## ASSIGNMENT
The task calls for every entry to be printed word for word, without the images.

(Scraped caption text data)
┄┄┄┄┄┄
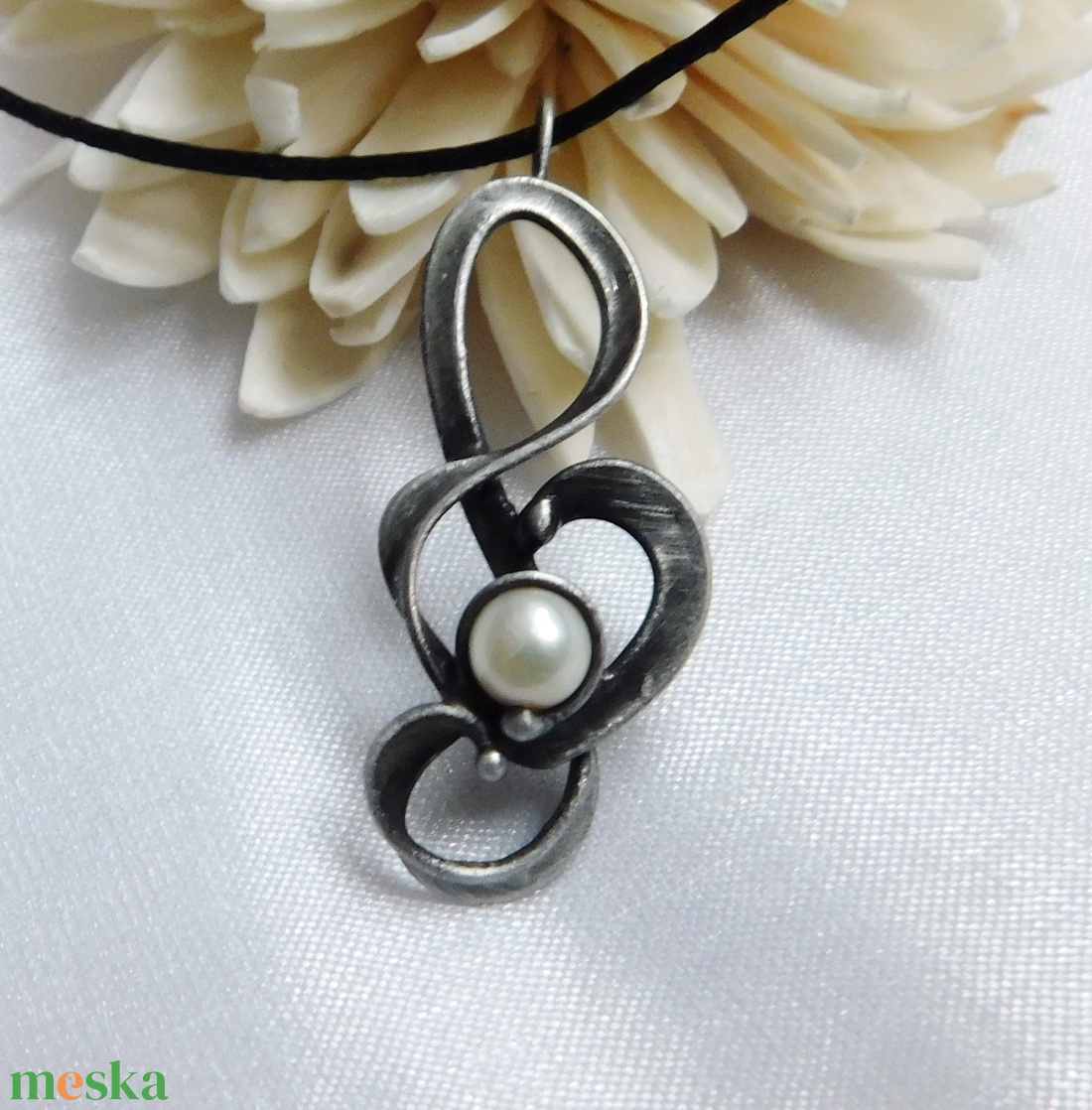 Folyami gyöngy violinkulcs medál - ékszer - nyaklánc - medálos nyaklánc - Meska.hu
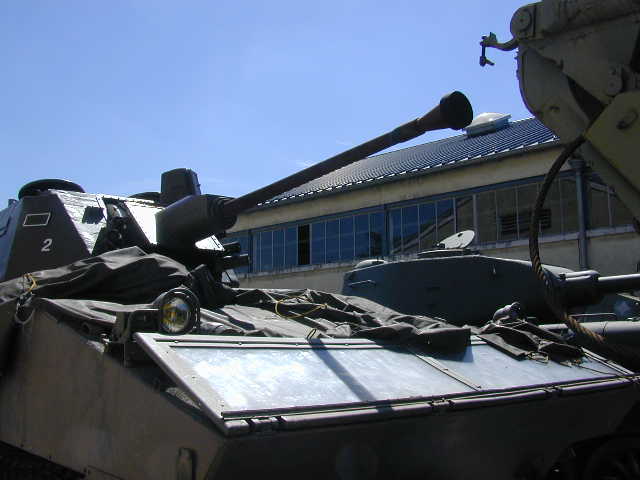 http://www.maquetland.com/upload/phototeque/images/347/AMX%2010%20P%20PROTO%20TOURELLE%20CANON%20DE%2040%20%20-%20Copie.jpg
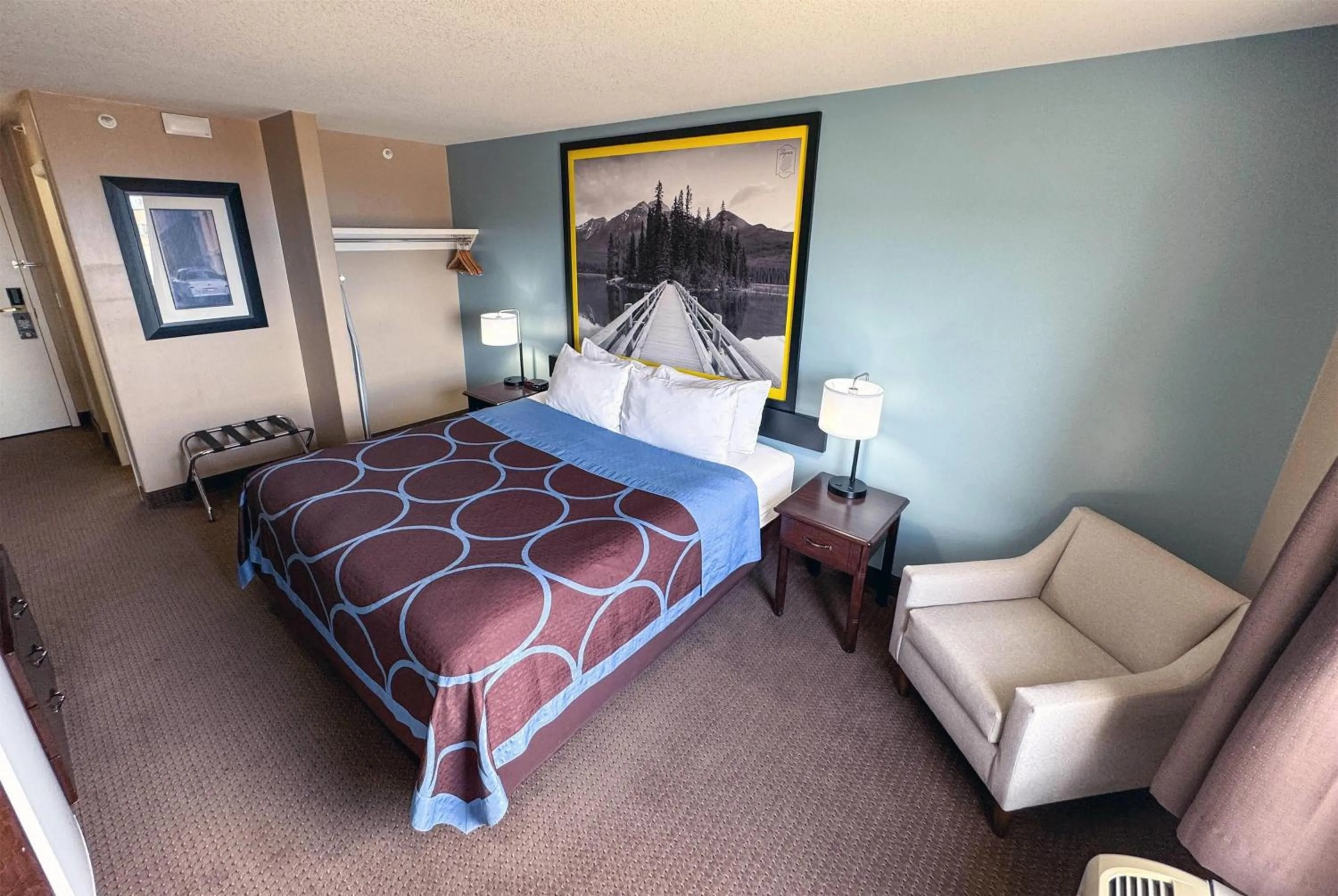 Photo of the whole room, Bed in Super 8 by Wyndham Edmonton South
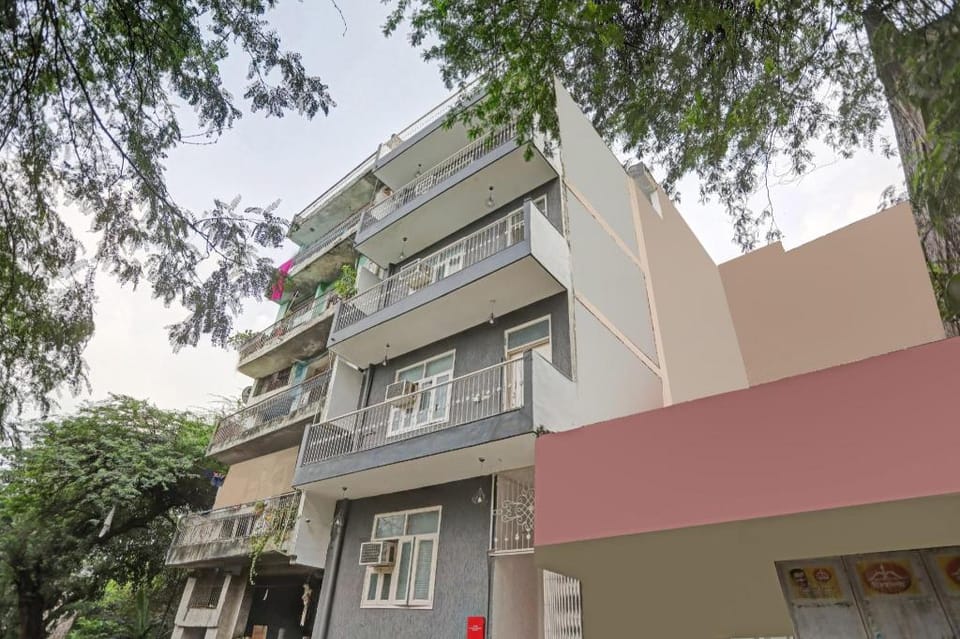 Hotel O The Premium Villa Hotel in New Delhi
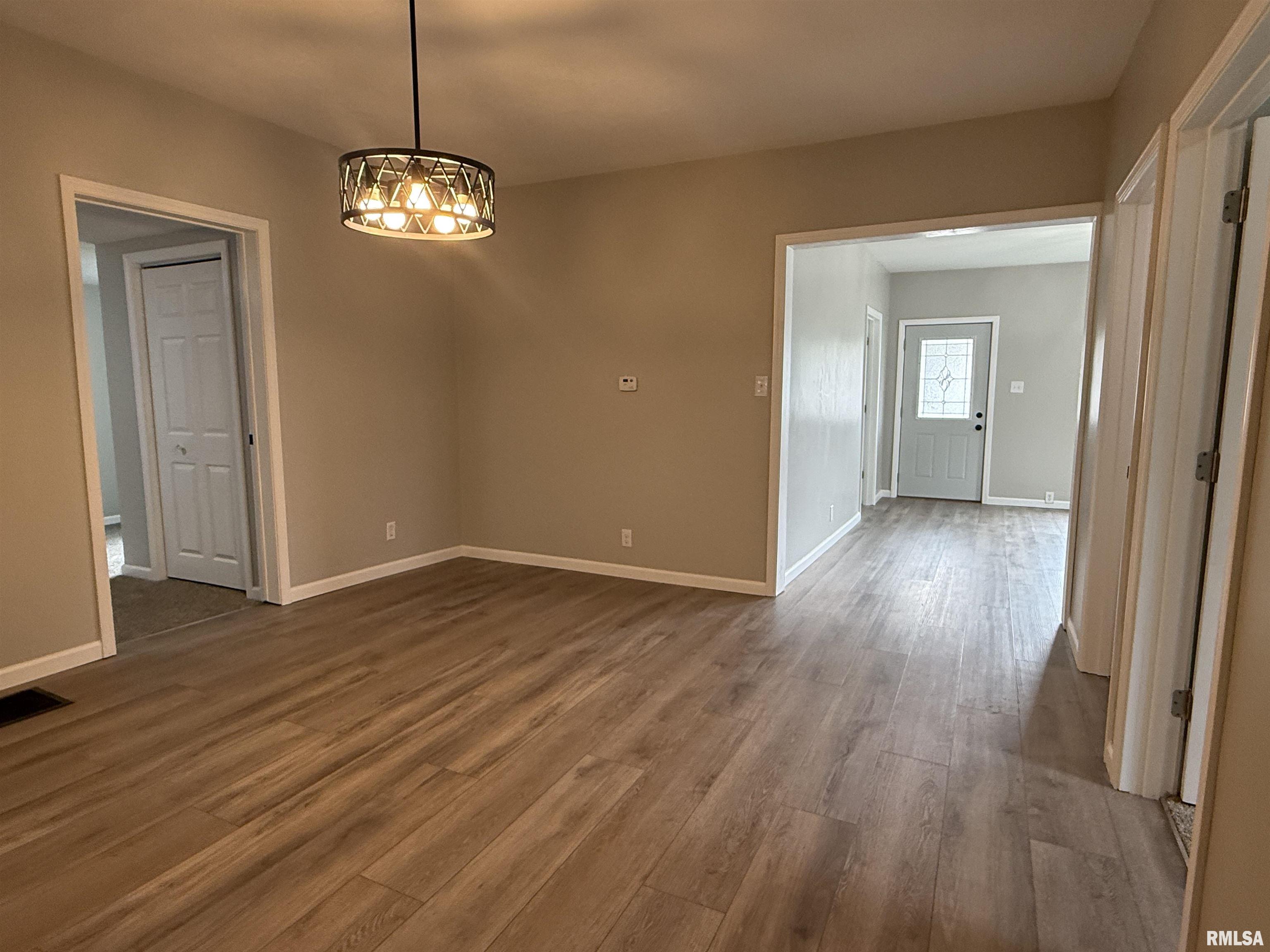 233 West Spruce Street Canton, IL 61520 - Photo 20 of 38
┄┄┄┄┄┄
## OUTPUT FOR THIS EXERCISE
 Folyami gyöngy violinkulcs medál - ékszer - nyaklánc - medálos nyaklánc - Meska.hu
 http://www.maquetland.com/upload/phototeque/images/347/AMX%2010%20P%20PROTO%20TOURELLE%20CANON%20DE%2040%20%20-%20Copie.jpg
 Photo of the whole room, Bed in Super 8 by Wyndham Edmonton South
 Hotel O The Premium Villa Hotel in New Delhi
 233 West Spruce Street Canton, IL 61520 - Photo 20 of 38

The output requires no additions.